Accuracy

Reproducible accuracy measurement

How we measure detection accuracy, and how you can reproduce every number we publish.

The four metrics

Metric	What it measures
Recall	% of ground-truth findings the agent surfaced
False positive rate	claims unsupported by the bundled evidence
Hallucination count	facts not present in the source artifacts at all
Evidence integrity	SHA-256 of every input file, before and after the run

For every claim the agent makes, it must cite the audit_id of the MCP call that produced the supporting evidence. Claims without an audit_id are blocked at write time by dart_agent's serializer.

How to reproduce

git clone https://github.com/Juwon1405/agentic-dart.git
cd agentic-dart
export PYTHONPATH="$PWD/dart_audit/src:$PWD/dart_mcp/src:$PWD/dart_agent/src"
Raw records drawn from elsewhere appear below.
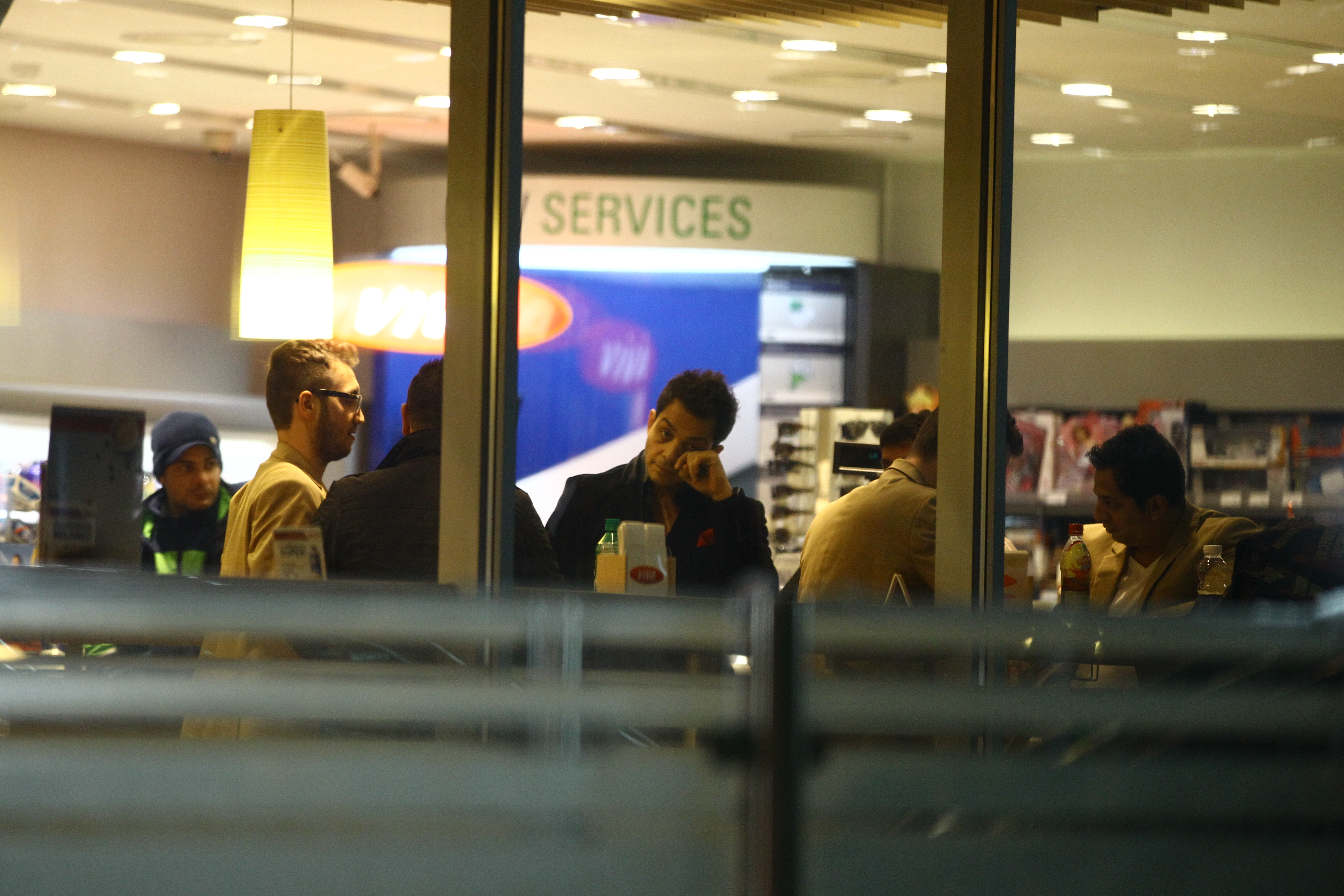 Solistul si-a adunat baietii din trupa si impreuna au facut o scurta repetitie, inainte de concert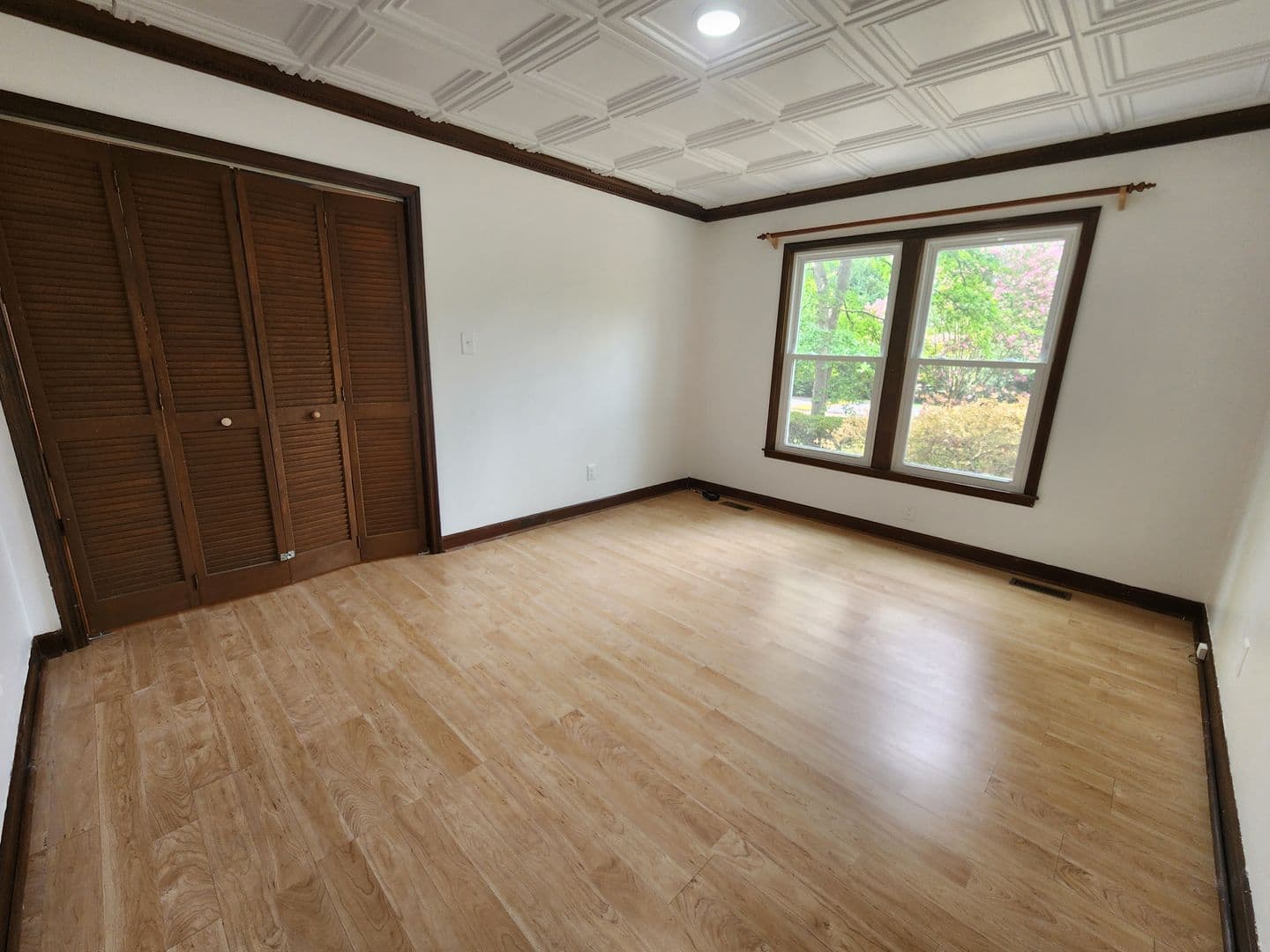 FAYETTEVILLE House: 6871 S STAFF ROAD
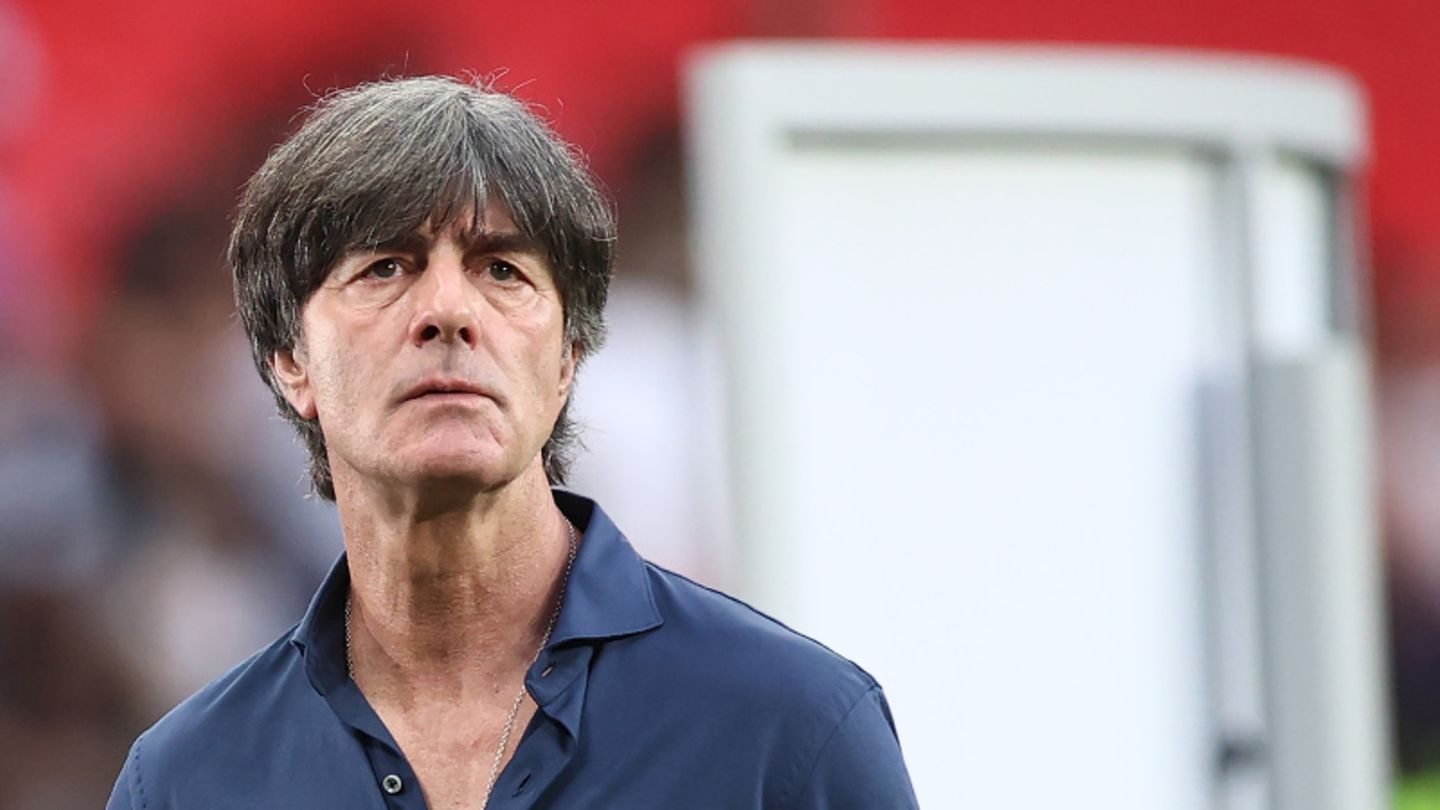 Jogi Löw nach dem Achtelfinal-Aus gegen England Jogi Löw nach dem Achtelfinal-Aus gegen England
# Variant A — deterministic reference (CI baseline; ≤30 lines/file)
python3 scripts/measure_accuracy.py

# Variant B — noise-injected realistic (~1:30 IOC:benign)
python3 scripts/measure_accuracy.py --variant realistic

Both variants score the same ground truth (F-001, F-013 for the bundled find-evil-ref-01 case) and verify the audit-chain integrity end-to-end. CI runs the reference variant on every commit; the realistic variant is regenerated by scripts/generate_realistic_evidence.py (deterministic seed) and demonstrates needle-in-haystack recall on production-shape volume.

Two evidence variants — why both ship

A reasonable reviewer asks: "Recall=1.0 on a 30-line file is nearly meaningless — every line is an IOC." That is fair. The repository ships two evidence sets so reviewers can score the agent on both:

Variant	Path	Shape	Purpose
Reference	`examples/sample-evidence/`	Web log 27 lines, security events 16, unix auth 17 — fully IOC-loaded	Deterministic CI baseline. Stable hashes. Easy to debug.
Realistic	`examples/sample-evidence-realistic/`	Same IOCs + synthetic benign noise: web log 1027 lines (1:37), security events 516 (1:31), unix auth 517 (1:29)	Demonstrates needle-in-haystack recall on production-shape data. Generated deterministically by `scripts/generate_realistic_evidence.py`.

Both variants score identically on the ground-truth findings — recall=1.000, FPR=0.000, hallucination=0. This rules out the "small-input over-fit" failure mode (the agent didn't simply match-anything in the toy data).

External, third-party benchmarking (NIST CFReDS, Ali Hadi, DFRWS, Splunk BOTS) is tracked as Phase 2 work — see issue #47 for the methodology and timeline. Phase 1 establishes the measurement methodology; Phase 2 operationalizes it on community-trusted datasets.

Datasets currently measured

1. Bundled IP-KVM remote-hands case (`examples/sample-evidence/`)

The headline accuracy run for the hackathon submission. Both variants score:

Metric	Reference	Realistic
Recall	1.000 (2/2 ground-truth findings F-001, F-013)	1.000 (same)
False positive rate	0.000	0.000
Hallucination count	0	0
Evidence integrity	preserved (61 files, all SHA-256 pre/post match)	preserved
Iterations to verdict	5	5
Total MCP calls	14
Audit-chain verified	yes (SHA-256 chain unbroken)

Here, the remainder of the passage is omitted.